§ Task details
A faithful transcript of all the lines below, with no pictures, is the goal here.

§ Data provided
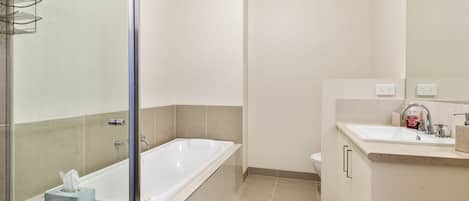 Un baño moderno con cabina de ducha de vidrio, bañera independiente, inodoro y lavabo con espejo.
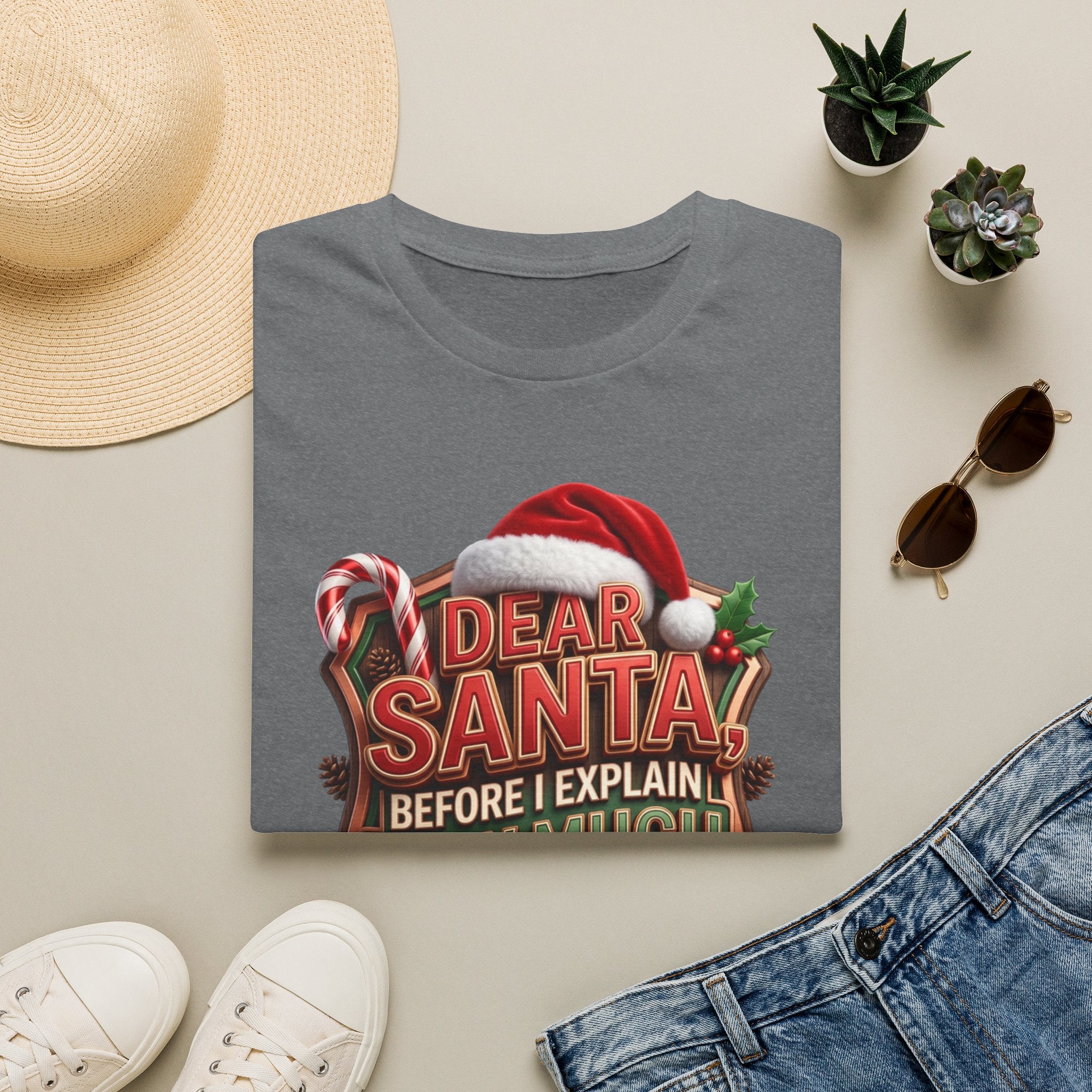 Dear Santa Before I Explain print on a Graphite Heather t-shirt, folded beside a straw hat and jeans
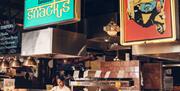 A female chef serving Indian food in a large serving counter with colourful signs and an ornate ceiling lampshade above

§ Response
 Un baño moderno con cabina de ducha de vidrio, bañera independiente, inodoro y lavabo con espejo.
 Dear Santa Before I Explain print on a Graphite Heather t-shirt, folded beside a straw hat and jeans
 A female chef serving Indian food in a large serving counter with colourful signs and an ornate ceiling lampshade above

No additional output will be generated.